Scraped caption text data:
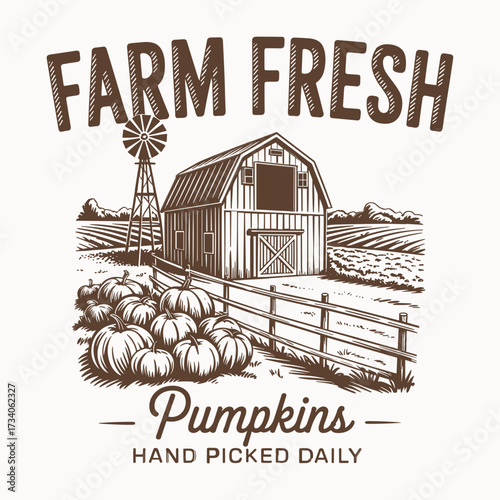 farm fresh pumpkins hand picked daily illustration with rustic barn windmill countryside fence and pumpkin patch vintage harvest artwork perfect for thanksgiving fall season farmhouse décor t shirt de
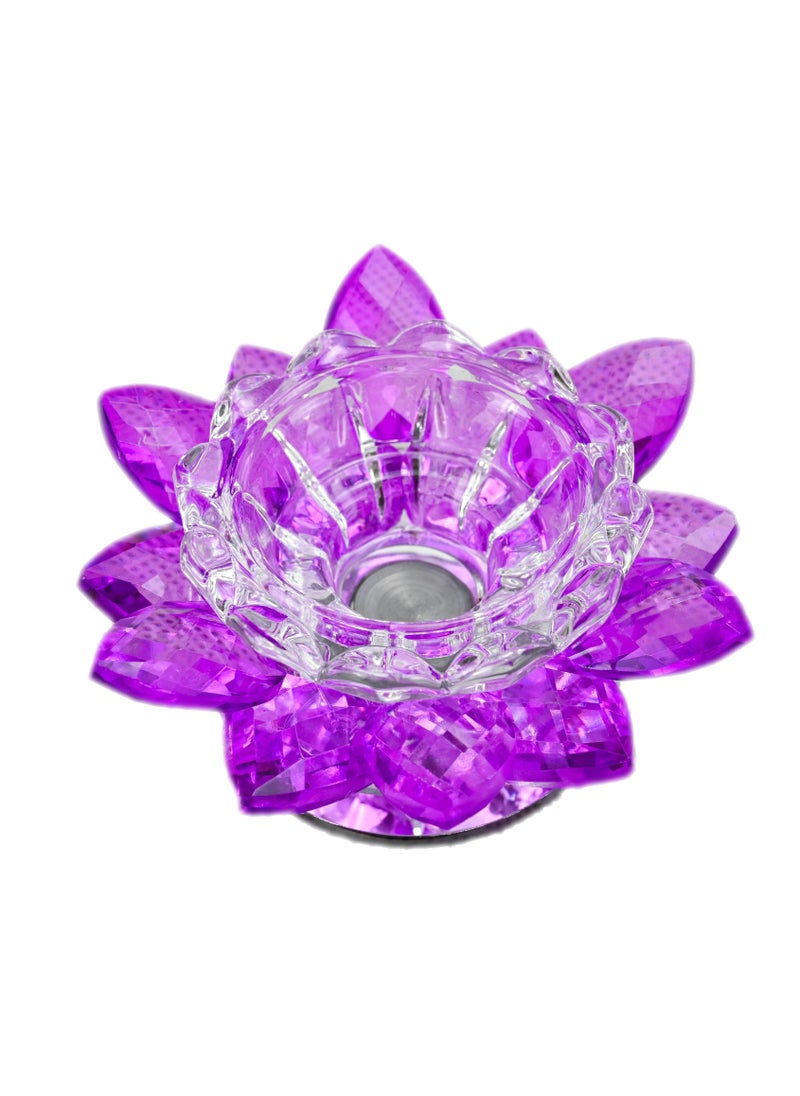 Generic - Crystal Purple Lotus Flower Bakhoor Burner, Golden Ash Tray, Purple Shade Crystal Incense Burner, Crystal Lotus Flower Incense Stick Holder, Home Fragrance, Decorative Crystal Ornament - Purple - Image 1
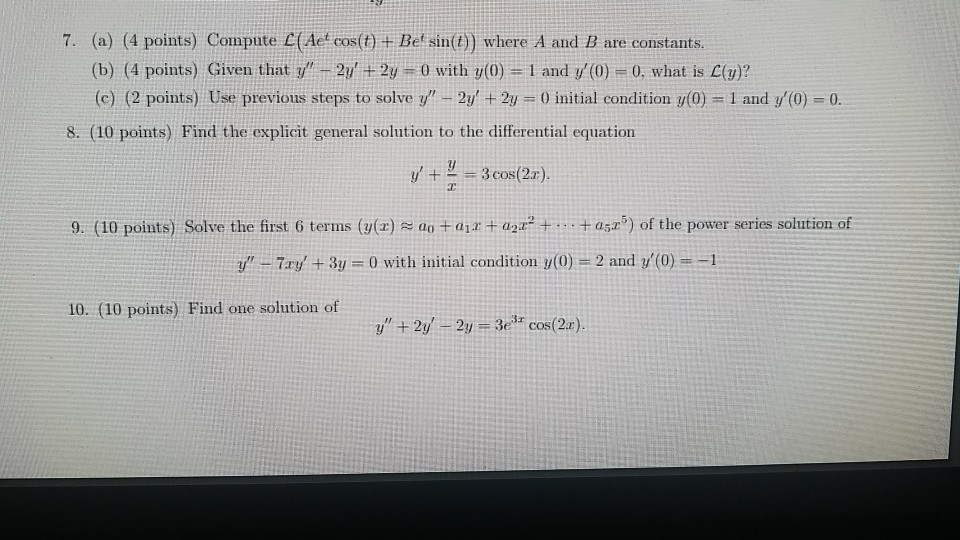 7 A 4 Points Compute L Ae Cos T Be Sin T Chegg Com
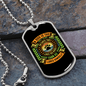 Dog Loves Himself Green Necklace Stainless Steel or 18k Gold Dog Tag 24" Chain-Express Your Love Gifts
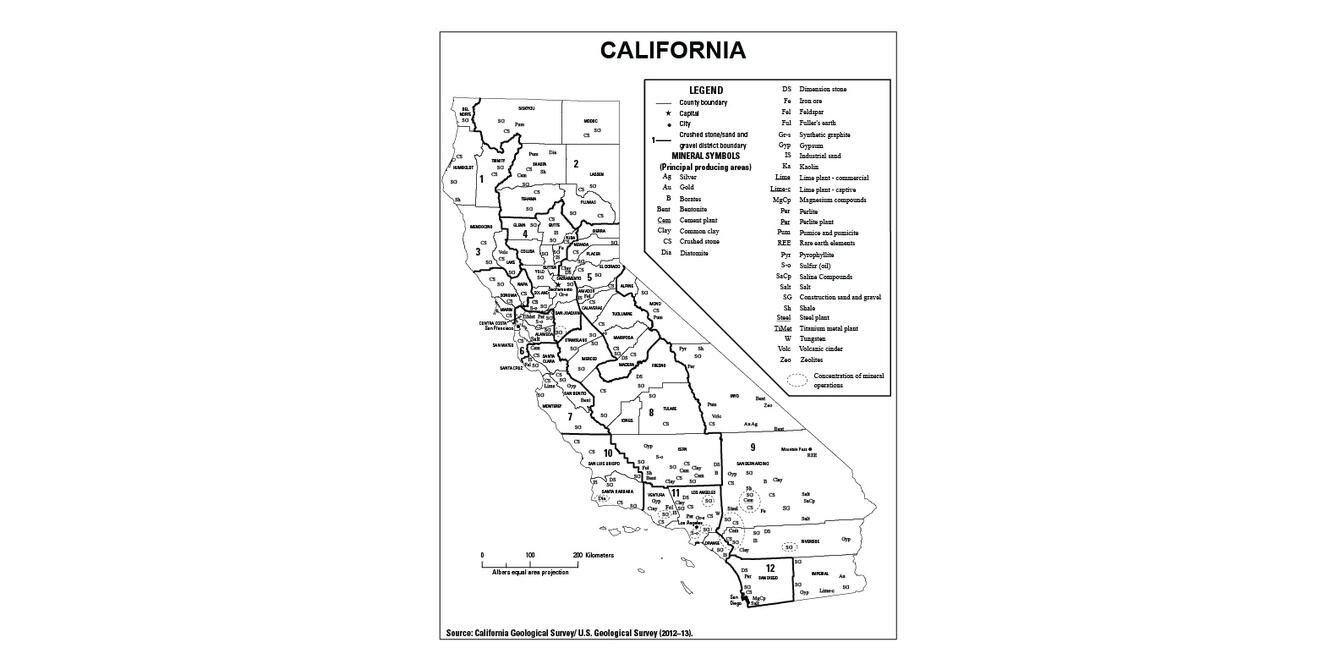 Screenshot of California mineral commodity producing areas map from 2012-2013 Minerals Yearbook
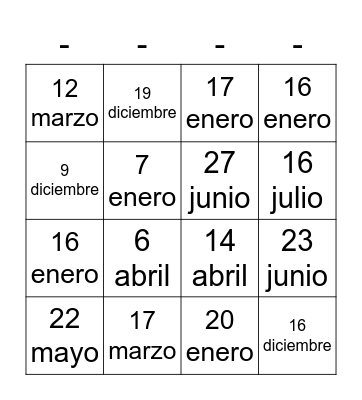 Mi cumpleaños es el ___ de ________. Bingo Card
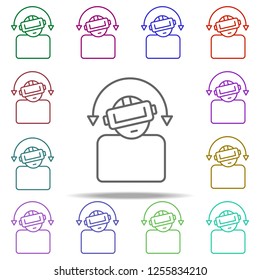 a man in virtual reality glasses icon. Elements of Virtual Reality in multi color style icons. Simple icon for websites, web design, mobile app, info graphics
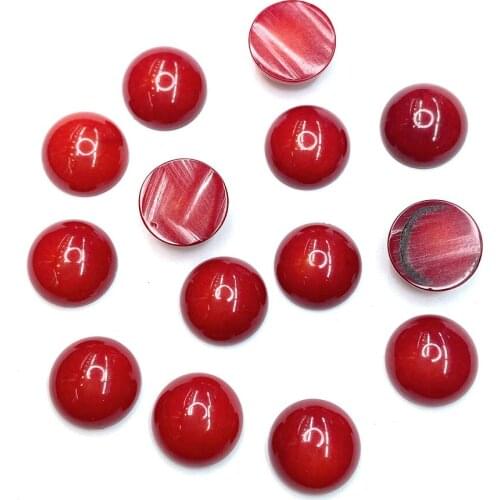 Artificial Coral Red Beads Ring Face Non-porous Round Loose Beads for Jewelry Making Bracelets Embroidery Jewelry Accessories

DIRECTIONS FOR THIS TASK >> Your answer should be the lines above, word for word, from the line with "7 A 4 Points" through the line with "Mi cumpleaños es", minus the pictures.

RESULT OF THE TASK >>
 7 A 4 Points Compute L Ae Cos T Be Sin T Chegg Com
 Dog Loves Himself Green Necklace Stainless Steel or 18k Gold Dog Tag 24" Chain-Express Your Love Gifts
 Screenshot of California mineral commodity producing areas map from 2012-2013 Minerals Yearbook
 Mi cumpleaños es el ___ de ________. Bingo Card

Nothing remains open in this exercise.